Rust, it ruins your tools, it ruins your cars ... it likes to eat most anything iron. An ounce of prevention is worth a pound of cure when it comes to rust. The folk over at Practical Machinist have a forum article on Rust inhibitors should you desire the ounce of rust prevention. Bob Neidorff wrote a pretty good Rust Primer which includes both rust prevention and rust removal. This note discusses when you failed to take the ounce of prevention and need the pound of cure.

I am sure we have all tried the good old standby techniques of steel wool, sand paper, naval jelly and the two ton solution of sand blasting. Of those only sand blasting allows the use of massive power tools, but it is also the most destructive to the parts in question.

I ran into an interesting thread on on sand blasting where electrolytic rust removal was suggested as an alternative to sand blasting and other methods of rust removal. Electrolytic rust removal actually reverses the rust process and returns the iron back to the original part. Sound too good to be true? I thought so but a link was provided so I thought I would give it a try.

While I try to keep up on various obsure fields, clock restoration is one field I have missed so far. On the other hand, a clock restoration site is where you can find this fine article on electrolytic rust removal.

Equipment used Start of experiment The processes spiked my curiosity so I decided to see if it really worked. I decided to test the process on a concrete edger that got left out after a job. I used an old railroad spike as the iron electrode and a costco special battery charger as the power supply. Two tablespoons of baking soda were mixed with a couple gallons of water in a rubbermaid tub and the experiment began. I did not have washing soda (sodium carbonate) and someone suggested that baking soda (sodium bicarbonate) might work so I gave it a shot. Bubbles started forming almost immediately after hooking everything up with less than an amp of current being drawn from the battery charger.

One hour later The next day After about an hour the mixture got down right nasty looking and an inspection of the part showed the rust starting to flake off leaving good clean metal underneath. I moved the part every half hour to an hour for the next couple of hours turning it every so often to get different surfaces facing the electrode. The next day everything was done.

Initial tool Recovered tool The results? Pretty good if I do say so myself. If you somehow manage to forget to put a tool away and it winds up looking as bad as the edger on the left, an overnight soaking in a tub full of baking soda with a battery charger can make it look like the one on the right. Not as good as new but certainly an improvement without all the scrubbing and scraping or material removal typically found with other rust removal techniques.
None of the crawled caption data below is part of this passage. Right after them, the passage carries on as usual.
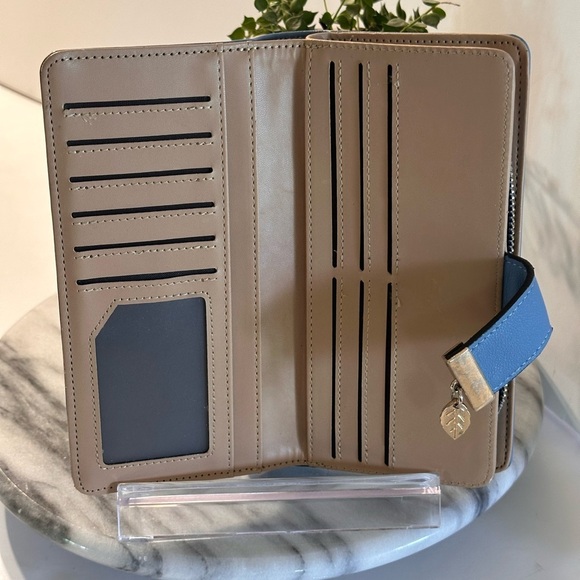 Women Long Clutch PU Leather Wallet Pocket Purse Credit Card Slips Sky Blue - Picture 7 of 14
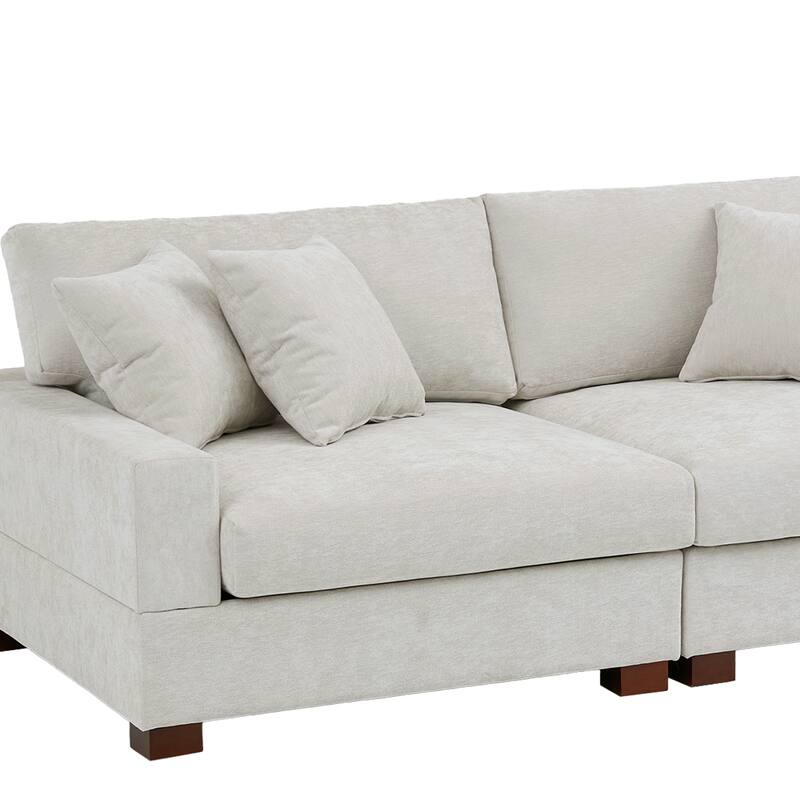Modern Upholstered Chenille Modular Sectional Sofa with Pillow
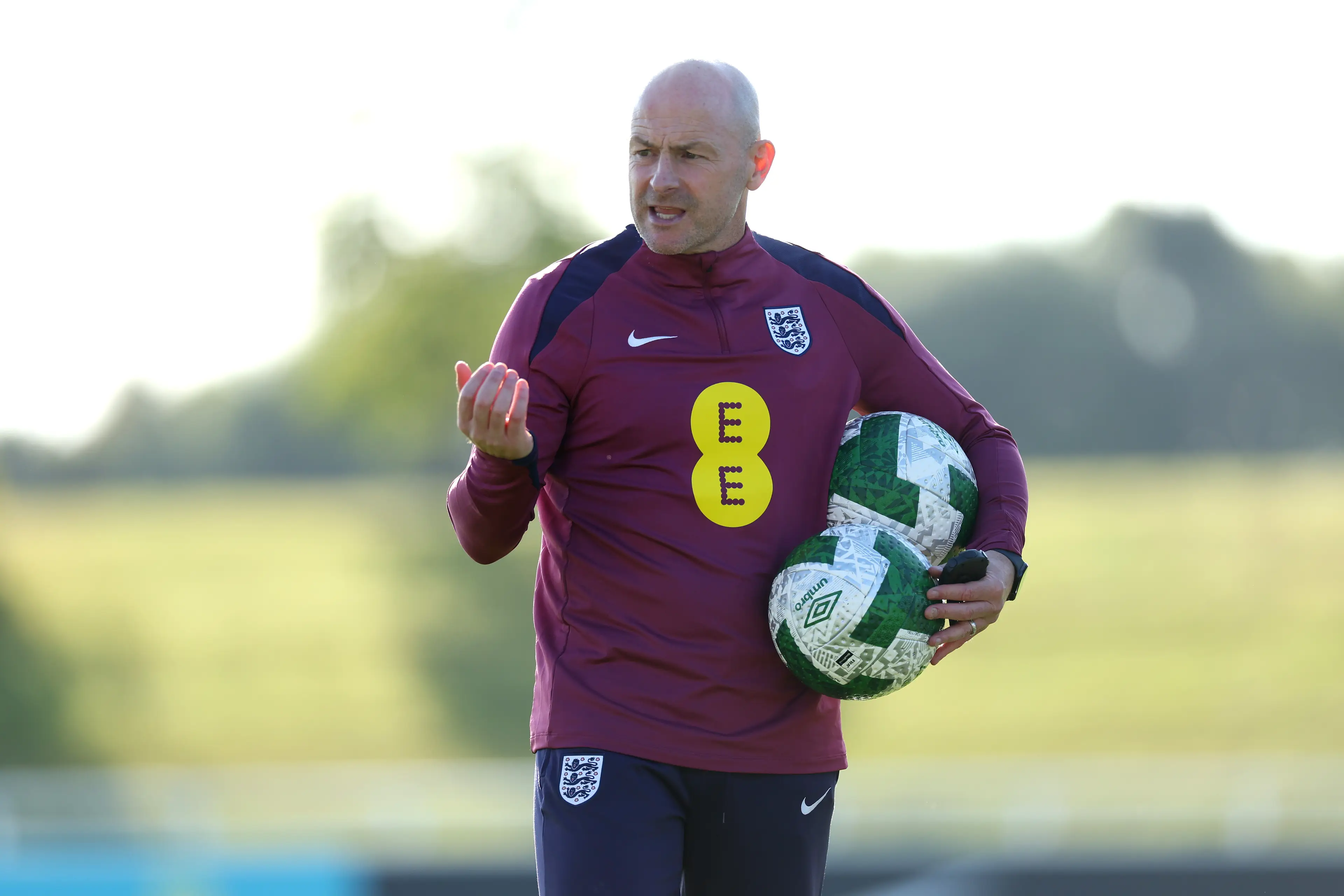 Lee Carsley during an England training session. Image: Getty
The next step is to prevent the formation of additional rust. Many suggest that a quick dip in phosphoric acid followed by a shot of a rust inhibitor is the way to go. Myself, all I did was hit it with a shot of wd-40 which kept the part rust free for about 6 months. Doing it right probably would have lasted a bit longer.

So, if you somehow forgot that tool and it ended up a bit rusty, consider using electrolytic rust removal as one step in the process of renovating the part.